Noel Mayne had taken the picture when Audrey was modeling and doing cabaret shows in London around 1950, and that was before she was discovered to play Gigi on Broadway.
We found that the photograph of Audrey and Mel Ferrer and their son Sean appeared on the audreyhepburn.com website.
They apparently used it as a Christmas card to close friends in 1962. We copyrighted it to Sean Hepburn Ferrer, as we could not find the original copyright holding photographer. In the process, I became aware that Audrey must have been the most photographed film star ever. Just look at the Wikipedia and Google sites. Even her sons reportedly said that they did not realize how famous their mother was, despite all the paparazzi.

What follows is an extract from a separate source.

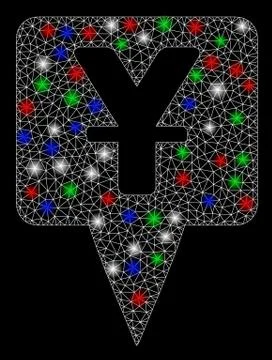 Bright Mesh 2D Yuan Map Pointer with Light Spots 스톡 일러스트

The short stories are published by Willow Manor Publishing of Virginia (www.willowmanorpublishing.com) which also handles cover design. They will be offered to readers in the USA through Amazon Kindle, which sells for the regular low introductory Kindle price of $0.99 cents. On Amazon.ca (Canada), the price may vary around CDN$1. Readers in the Netherlands may want to go to amazon.nl, which leads to amazon.co.uk., which, in turn, is the source for readers in England as well. (I understand that Amazon will open a Netherlands bookstore this fall.) Readers in other parts of the world will have their own directives how to reach amazon.com and get access to the stories.
I would have liked to offer the Audrey short story for free but the Amazon Kindle system does not allow that. Whatever proceeds I will receive from the story will be donated to the Audrey Hepburn Children’s Fund, http://www.audreyhepburn.com. This site also includes many charming photographs of Audrey throughout her life. She never boasted, had no scandals, was always gracious and seemingly self-conscious about her fame as an actress. Audrey says herself that she seemed to have been floating on heavenly air, unaware what was happening to her. She was a natural, who at the end of her life gave herself completely to the poor hungry children of the world, as the unforgettable Ambassadrice of UNICEF.
I admire the work the Children’s Fund and UNICEF do. In my career at the World Bank, I have seen many destitute children as well, but was unable to do much about it as one person. I was able to lift two young women from their doomed poverty cycle in Africa, but even though two lives saved is better than none, it is a drop on a hot plate.
Readers may, therefore, also want to donate to this Fund directly by going to the website. It is managed by Audrey’s sons Sean Hepburn Ferrer and Luca Dotti. Sean was given a preview of the short story and he was agreeable to us publishing it. I hope you like it, too.
I got to know Audrey when I was seven and she a young girl seven years older than me, and while she had that lovely smile and endearing face, how could I expect at that age what she would become?
I have been fascinated – as so many others – by her star, and it is because she gave me that goodbye kiss at seven that I stayed glued to her till she died. A remarkable woman, or as her son Sean titled her for his wonderful book: “Audrey Hepburn, an Elegant Spirit.” You can get it on Amazon, too. It is published by Atria Books (Simon & Schuster, Inc) and warmly written, as you can understand from a son of a wonderful mother, including most interesting and moving views from those who were close to her. It also contains marvelous photographs not found on the “internet”.
When I saw the book’s advert, I felt I wanted this more than any of the many biographies written about her because of its personal nature. An elegant spirit, that’s what she was.